Microsoft announced late Tuesday that it has joined Google's Android for Work program and will support Google's container technology for mobile application management in a future release of Intune, Microsoft's own enterprise mobility management (EMM) server. The Microsoft blog post gave no timeline.
Android for Work, initially released in winter 2015 as part of an Android 5.0 Lollipop update, brought to Android the same level of enterprise-grade protection for mobile apps that had previously been available only to Apple's iOS devices or Samsung's Android devices running Samsung's own Knox technology.
Among the Android for Work capabilities that Microsoft said Intune would initially support are the following:
- Support for work policies, those that apply to the separate container for corporate apps that Android for Work creates on Android devices.
- Unified deployment of Android apps both from the Google Play Store and of private corporate apps developed by or for an enterprise.
- Support for Android for Work policies, which go beyond what the standard Android application policies provide for consumer apps, in IT-developed apps.
Until recently, Intune seemed designed to force enterprises to ditch their existing EMM tools in favor of Microsoft's, such as by not letting other EMM tools access Microsoft's proprietary information management APIs. Intune also did not support Macs, which compete with its Windows operating system.

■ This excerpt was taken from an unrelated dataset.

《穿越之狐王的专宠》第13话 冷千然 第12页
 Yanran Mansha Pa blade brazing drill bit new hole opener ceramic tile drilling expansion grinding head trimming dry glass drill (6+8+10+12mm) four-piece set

However, this summer Microsoft began quietly supporting some Mac management APIs in Intune. And since last fall it has allowed enterprises to use its Enterprise Management Suite, of which Intune is an optional component, in concert with other vendors' EMM servers.
That shift let enterprises keep their existing EMM vendor relationships while being able to use the proprietary Office 365 information management APIs. Microsoft has also worked with the leading EMM providers to have them support Azure Active Directory in their identity management capabilities.